At the same time, we care for others by going to work, providing shelter and food for our families, caring for the needy, and looking after the environment. (Read “Is God ‘Green’?” Page 10.) We care for the spiritual welfare of our neighbors through prayer, catechesis, and bringing the Gospel to bear upon their lives.
Keeping them distinct
We must remember that these are two different kinds of righteousness. We dare not confuse them. To confuse them destroys our relationship with God, with other human beings, and with the non-human creation. It distorts and destroys our humanity.
We lose our identity when we take our accomplishments in the world and make them the basis for our relationship with God. It happens when we decide to take charge of our relationship with God and seek God’s approval on our terms. This legalistic approach to God reverses the relationship between God and His human creatures. It also affects our horizontal relationships. For we must now use our neighbor in order to put God into our debt. That is to say, we help our neighbor only because it really helps us to win God’s favor or to make us feel good about ourselves.
It is this to which Luther said “no.” We are children of God by faith apart from our works. The law makes it clear that if we seek a performance review from God, we will never measure up.
To the question, “How am I doing?” the Law gives only one answer: “You have not done enough. Try harder.”
For this reason, Christians listen only to the voice of the Gospel and turn a deaf ear to the Law’s accusations. Because legalism is a perennial human problem, the Christian life must remain a life of ongoing repentance, a daily return to our baptism where the old creature is executed and the new creature arises to a new life.
A less common but equally dangerous way of confusing the two kinds of righteousness is to contend that redemption is our only concern. “I’m saved, that’s the only thing that matters.”
This can result from a misunderstanding of the line, “Heaven is my home; I am but a stranger here.” Since heaven is our home, this current world is no concern to us. This approach results in various forms of antinomianism-the belief that the Law no longer applies to Christians. It ignores the fundamental nature of salvation as a renewal of creation and not as a destruction of it.
As Christ descended and became incarnate, so we are sent into the world for the purpose of maintaining it while we await the revelation of the new creation. With our relationship to God eternally secure, faith unleashes our activity into the world around us. No longer needing to take care of ourselves, we can go above and beyond the call of duty in serving our neighbor. Faith does not simply avoid “hurting or harming our neighbor,” but it seeks to “help and support him in every physical need.” We can roll up our sleeves and get to work in a world that belongs to Christ.

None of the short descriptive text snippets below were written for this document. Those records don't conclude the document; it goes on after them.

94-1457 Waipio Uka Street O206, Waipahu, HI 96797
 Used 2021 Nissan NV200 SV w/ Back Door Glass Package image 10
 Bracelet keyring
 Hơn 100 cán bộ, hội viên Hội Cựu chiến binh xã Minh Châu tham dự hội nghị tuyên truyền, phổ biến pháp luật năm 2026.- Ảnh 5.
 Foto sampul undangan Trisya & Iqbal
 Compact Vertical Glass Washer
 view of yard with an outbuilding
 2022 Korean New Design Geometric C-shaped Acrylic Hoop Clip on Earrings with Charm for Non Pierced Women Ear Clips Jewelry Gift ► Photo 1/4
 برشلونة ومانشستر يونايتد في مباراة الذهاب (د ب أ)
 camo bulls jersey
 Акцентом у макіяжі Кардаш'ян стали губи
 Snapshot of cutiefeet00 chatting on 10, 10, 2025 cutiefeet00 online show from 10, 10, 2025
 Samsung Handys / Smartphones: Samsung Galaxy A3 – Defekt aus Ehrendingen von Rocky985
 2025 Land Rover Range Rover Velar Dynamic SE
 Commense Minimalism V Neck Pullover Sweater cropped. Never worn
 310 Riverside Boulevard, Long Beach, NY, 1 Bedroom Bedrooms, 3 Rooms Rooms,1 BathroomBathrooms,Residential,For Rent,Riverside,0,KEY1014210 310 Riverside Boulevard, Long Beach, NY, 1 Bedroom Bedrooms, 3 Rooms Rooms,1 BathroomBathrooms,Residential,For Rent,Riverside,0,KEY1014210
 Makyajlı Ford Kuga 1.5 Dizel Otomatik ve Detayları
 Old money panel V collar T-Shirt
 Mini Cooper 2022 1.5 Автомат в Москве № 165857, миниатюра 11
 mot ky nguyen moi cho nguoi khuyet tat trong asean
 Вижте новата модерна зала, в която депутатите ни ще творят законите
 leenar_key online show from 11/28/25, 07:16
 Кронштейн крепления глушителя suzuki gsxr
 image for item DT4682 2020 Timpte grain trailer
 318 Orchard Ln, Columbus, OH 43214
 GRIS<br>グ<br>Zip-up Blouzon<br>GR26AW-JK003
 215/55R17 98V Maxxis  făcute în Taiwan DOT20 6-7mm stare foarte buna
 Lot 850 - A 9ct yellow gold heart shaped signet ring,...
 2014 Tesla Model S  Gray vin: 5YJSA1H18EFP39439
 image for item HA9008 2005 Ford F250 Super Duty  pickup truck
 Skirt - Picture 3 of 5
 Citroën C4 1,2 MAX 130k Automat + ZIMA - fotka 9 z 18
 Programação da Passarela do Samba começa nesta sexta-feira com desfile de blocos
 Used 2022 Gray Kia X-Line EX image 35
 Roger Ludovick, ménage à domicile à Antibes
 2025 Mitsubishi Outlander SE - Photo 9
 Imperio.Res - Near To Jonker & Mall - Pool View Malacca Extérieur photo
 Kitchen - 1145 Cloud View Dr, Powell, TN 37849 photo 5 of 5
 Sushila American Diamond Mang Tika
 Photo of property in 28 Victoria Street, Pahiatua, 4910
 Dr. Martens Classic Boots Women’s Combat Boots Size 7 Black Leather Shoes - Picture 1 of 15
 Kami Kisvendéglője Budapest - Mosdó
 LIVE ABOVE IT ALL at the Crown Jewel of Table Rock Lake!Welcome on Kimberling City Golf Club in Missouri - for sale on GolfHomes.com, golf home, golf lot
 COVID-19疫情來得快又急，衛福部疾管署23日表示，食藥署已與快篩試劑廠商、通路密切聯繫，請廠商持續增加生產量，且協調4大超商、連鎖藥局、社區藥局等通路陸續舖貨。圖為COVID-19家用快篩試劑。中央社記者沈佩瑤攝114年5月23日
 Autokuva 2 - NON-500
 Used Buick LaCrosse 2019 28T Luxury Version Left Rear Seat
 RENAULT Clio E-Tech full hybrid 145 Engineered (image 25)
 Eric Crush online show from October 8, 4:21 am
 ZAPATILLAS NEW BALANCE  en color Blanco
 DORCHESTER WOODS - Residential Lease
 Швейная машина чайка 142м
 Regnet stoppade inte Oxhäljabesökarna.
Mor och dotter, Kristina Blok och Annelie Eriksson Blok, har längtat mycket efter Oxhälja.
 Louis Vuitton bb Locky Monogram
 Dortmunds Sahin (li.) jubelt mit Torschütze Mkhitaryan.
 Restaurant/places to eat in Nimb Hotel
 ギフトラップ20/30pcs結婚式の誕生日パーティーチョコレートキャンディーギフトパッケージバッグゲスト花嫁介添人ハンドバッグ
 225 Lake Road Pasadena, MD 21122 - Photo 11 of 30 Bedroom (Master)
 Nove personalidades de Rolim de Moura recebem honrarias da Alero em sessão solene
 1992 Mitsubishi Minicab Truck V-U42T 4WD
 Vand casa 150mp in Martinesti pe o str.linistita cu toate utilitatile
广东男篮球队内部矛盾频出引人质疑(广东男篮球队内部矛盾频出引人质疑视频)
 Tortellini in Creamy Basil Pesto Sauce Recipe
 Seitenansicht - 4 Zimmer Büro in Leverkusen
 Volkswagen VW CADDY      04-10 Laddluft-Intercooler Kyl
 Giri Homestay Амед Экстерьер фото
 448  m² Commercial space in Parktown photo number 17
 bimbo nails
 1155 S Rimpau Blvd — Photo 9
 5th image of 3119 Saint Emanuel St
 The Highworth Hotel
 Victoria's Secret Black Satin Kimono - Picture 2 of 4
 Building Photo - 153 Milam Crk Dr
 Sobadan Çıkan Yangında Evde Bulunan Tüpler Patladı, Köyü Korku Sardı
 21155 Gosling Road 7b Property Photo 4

So how do we seek both kinds of righteousness without confusing them? Respect the distinctive nature and purpose of the two relationships in which God has placed us. Seek the righteousness of faith in Christ for the sake of our life with God. Live for others not because it saves you or gives you an ironclad assurance of salvation, but because it is good for God’s world.
As human beings we live a cruciform existence. Bob Kolb, a fellow professor at Concordia Seminary, describes the Christian life in its two dimensions this way: Human life is cruciform—eyes lifted to focus on God, feet firmly planted on His earth, arms stretched out in mutual support of those God has placed around us. Having the focus of our lives directed toward Christ inevitably extends our arms to our neighbors. As Luther put it, this is “our theology.”